**Task requirements**
In the records below, find the line containing "Fiza Ali Responds" and retype it and every line after it exactly, adding nothing.

**Data section**
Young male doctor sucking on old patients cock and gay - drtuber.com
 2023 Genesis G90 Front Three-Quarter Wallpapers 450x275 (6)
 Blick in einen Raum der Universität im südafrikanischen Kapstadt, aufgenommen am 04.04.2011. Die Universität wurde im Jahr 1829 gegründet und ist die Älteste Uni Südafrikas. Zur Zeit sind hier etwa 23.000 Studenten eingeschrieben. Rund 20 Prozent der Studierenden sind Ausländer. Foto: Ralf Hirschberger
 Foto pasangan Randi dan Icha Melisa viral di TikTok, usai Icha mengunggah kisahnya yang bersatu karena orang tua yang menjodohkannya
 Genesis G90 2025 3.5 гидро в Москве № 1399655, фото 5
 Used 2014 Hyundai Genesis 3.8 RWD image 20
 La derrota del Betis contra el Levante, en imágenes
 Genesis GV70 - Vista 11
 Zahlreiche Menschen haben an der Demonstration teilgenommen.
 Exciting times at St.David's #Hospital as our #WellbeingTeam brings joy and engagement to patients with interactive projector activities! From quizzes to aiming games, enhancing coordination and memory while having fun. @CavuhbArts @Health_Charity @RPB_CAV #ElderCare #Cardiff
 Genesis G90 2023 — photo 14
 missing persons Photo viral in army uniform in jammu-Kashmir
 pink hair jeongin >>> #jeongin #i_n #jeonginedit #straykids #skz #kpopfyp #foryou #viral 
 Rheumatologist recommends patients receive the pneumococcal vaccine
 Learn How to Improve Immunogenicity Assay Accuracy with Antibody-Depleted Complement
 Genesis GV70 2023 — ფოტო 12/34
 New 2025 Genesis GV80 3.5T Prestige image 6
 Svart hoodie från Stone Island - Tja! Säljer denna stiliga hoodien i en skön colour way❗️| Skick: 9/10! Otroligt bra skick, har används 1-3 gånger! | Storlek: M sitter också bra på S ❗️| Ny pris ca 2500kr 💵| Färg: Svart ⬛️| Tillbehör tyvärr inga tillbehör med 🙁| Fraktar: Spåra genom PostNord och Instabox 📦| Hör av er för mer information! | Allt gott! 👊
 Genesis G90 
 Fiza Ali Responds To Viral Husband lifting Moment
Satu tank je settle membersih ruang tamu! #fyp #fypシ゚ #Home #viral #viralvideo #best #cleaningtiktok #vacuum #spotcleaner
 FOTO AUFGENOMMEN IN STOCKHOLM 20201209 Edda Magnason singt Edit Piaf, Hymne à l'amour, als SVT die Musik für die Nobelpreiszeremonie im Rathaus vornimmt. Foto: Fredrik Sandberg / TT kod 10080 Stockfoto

**Output below**
 Fiza Ali Responds To Viral Husband lifting Moment
Satu tank je settle membersih ruang tamu! #fyp #fypシ゚ #Home #viral #viralvideo #best #cleaningtiktok #vacuum #spotcleaner
 FOTO AUFGENOMMEN IN STOCKHOLM 20201209 Edda Magnason singt Edit Piaf, Hymne à l'amour, als SVT die Musik für die Nobelpreiszeremonie im Rathaus vornimmt. Foto: Fredrik Sandberg / TT kod 10080 Stockfoto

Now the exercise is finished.